Evan Harris, the former Liberal Democrat MP, issued a warning to Nick Clegg today about his rhetoric on fairness at a fringe event at Liberal Democrat conference. Dr Harris, former MP Susan Kramer, and I were taking part in a Lib Dem Voice event titled ‘Coalition – Fairness? For Whom?’
Referring to Nick Clegg’s recent article for the Financial Times ‘Fairness should never be a numbers game’ where the deputy prime minister argued, “many people who have analysed the government’s decisions have adopted a purely numerical view of what fairness is about”, Dr Harris said:
“You can’t say because IFS analysis doesn’t agree with my rhetoric, it’s wrong.”
The former MP for Oxford West and Abingdon accused Lib Dems in Government of “raising expectations” on fairness and suggested that they should no longer claim that spending cuts could be fair. He urged instead that they should show how cuts would be fairer than had the Conservatives been left to their own devices.
Responding to my remarks about the ratio of tax rises to spending cuts, Dr Harris said that he had “some sympathy with the position that we should be raising more from taxation” to pay for the deficit. He said it was “just populist and wrong” to ignore tax evasion while cracking down on ‘benefit cheats’.
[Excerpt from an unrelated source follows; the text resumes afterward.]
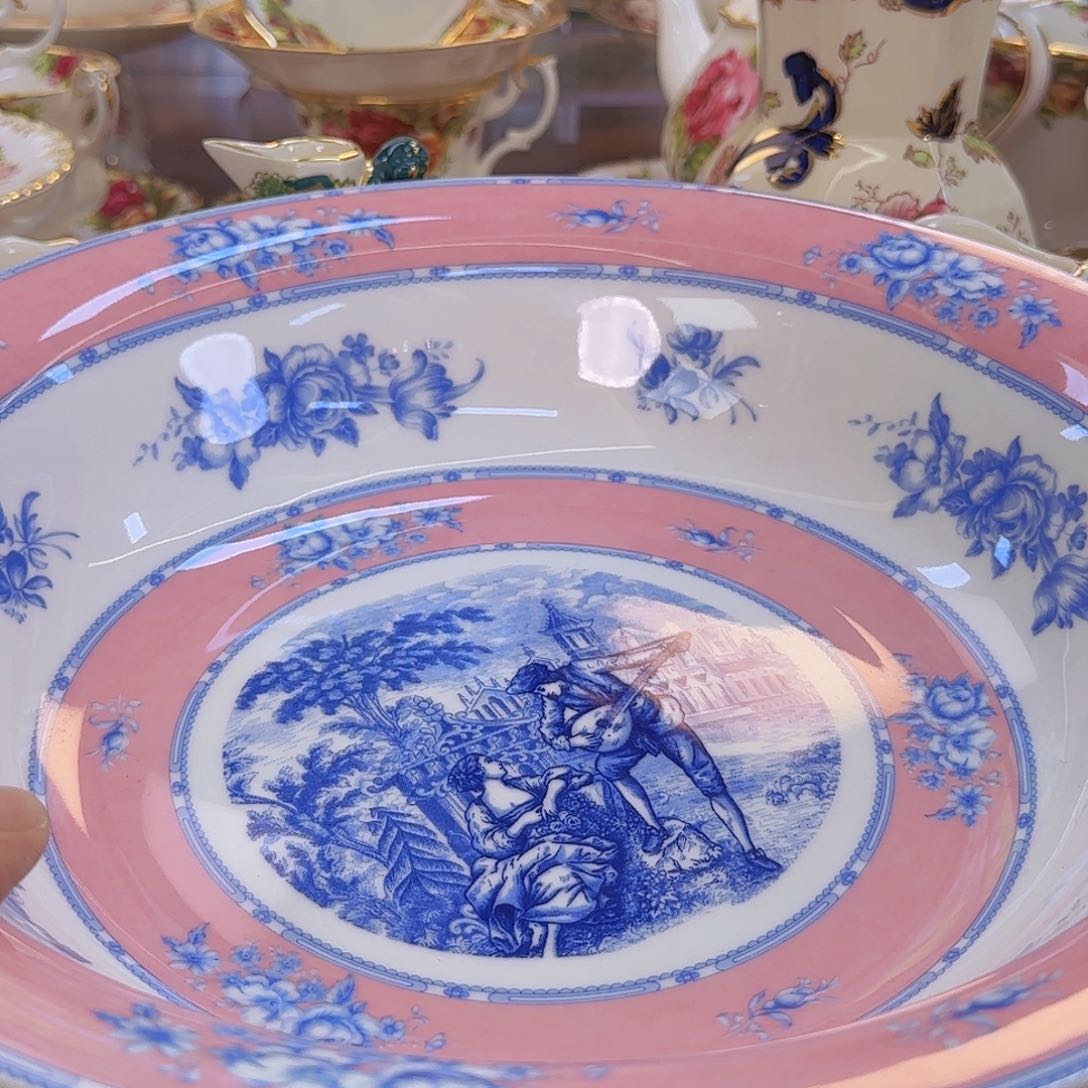 摆件欧洲瓷器收藏鉴赏博览中心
Dr Harris did, however, back up his party leader on his new position on the pace of deficit reduction arguing that timing was not a matter of principle but of judgment and that we could not know who was right for several years.
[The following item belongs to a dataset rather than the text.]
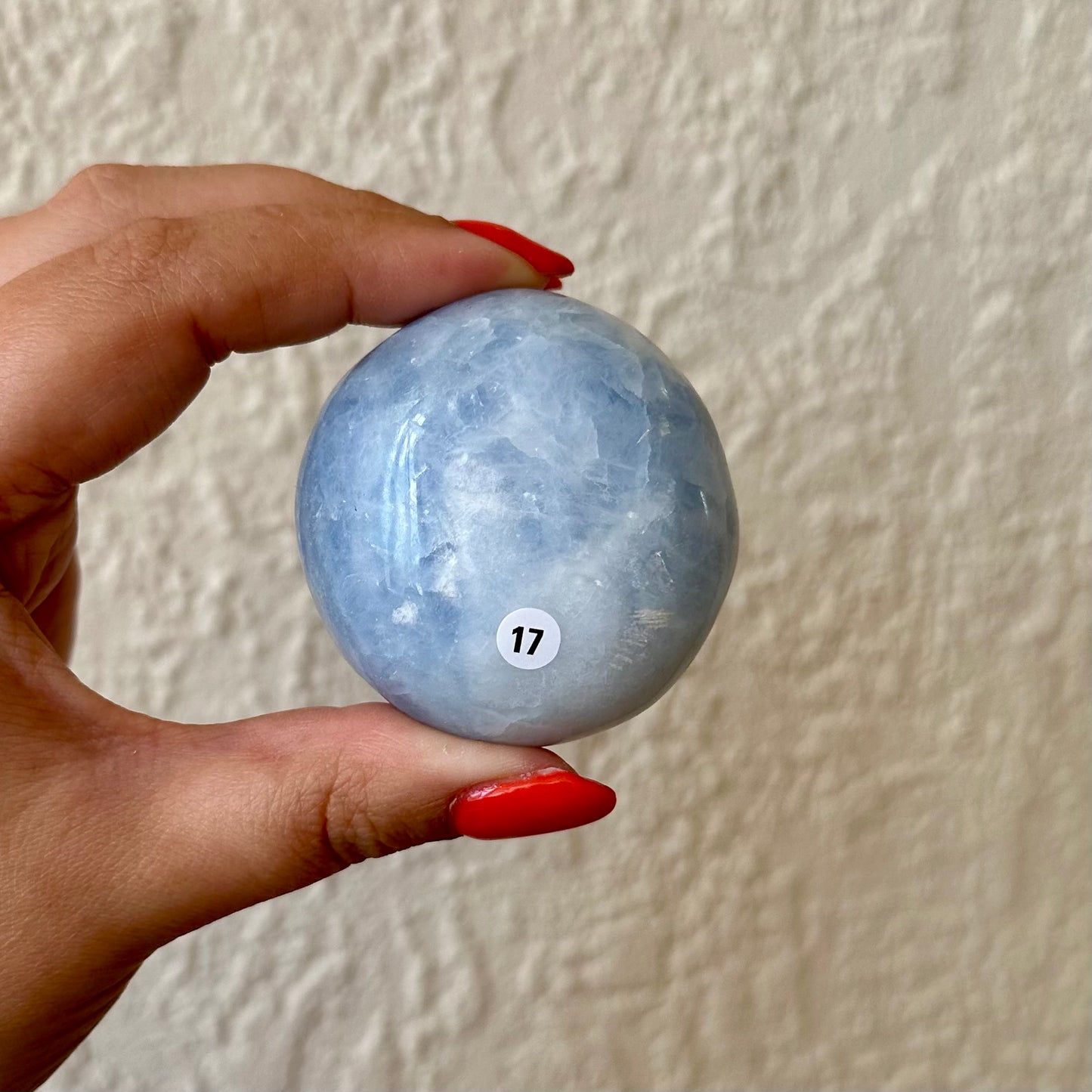 Blauwe calciet handstenen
At a Q&A session, leader Nick Clegg answered a series of questions from a packed hall. Poverty campaigner Linda Jack asked whether Nick Clegg could still be trusted to run the Lib Dem party and said, “so many of these cuts are going to hit the poorest”. He faced tricky questions from the audience about the Coalition’s decision to switch from the RPI to CPI price index, which will reduce the uprating of many pensions, and on the timing detention of children in immigration cases.
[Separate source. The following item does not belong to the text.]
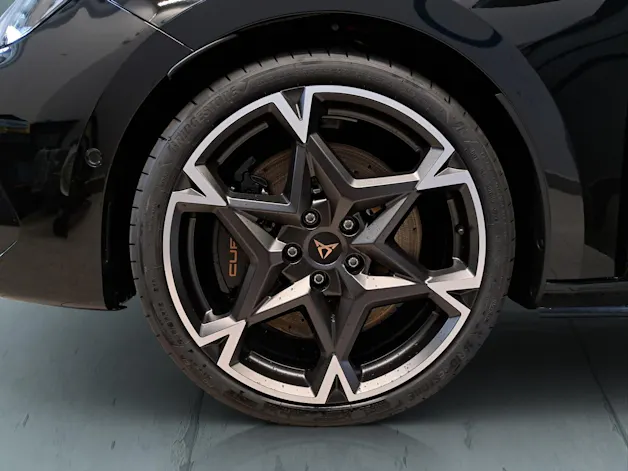 Cupra Leon ST 2.0 TSI 333 VZ 4Drive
Clegg insisted it was “still very early days” in the Coalition and that “the way the Coalition is being portrayed is taking time to catch up with the reality of the Coalition”. The Government was “by its very nature … a Coalition of compromises”.
Mr Clegg went on to say:
“I strongly agree with Vince that any immigration system … has to have some flexibility and pragmatism.”
He said that if the system proved to have “perverse outcomes” for business then we should be “sorting that”.
Mr Clegg said that Labour would have carried out “the vast majority of cuts” that the Coalition was planning. According to the June Budget, however, Labour was planning £39 billion of spending cuts by 2013-14 while the Coalition will cut £63 billion over the same period – most than 50 per cent higher.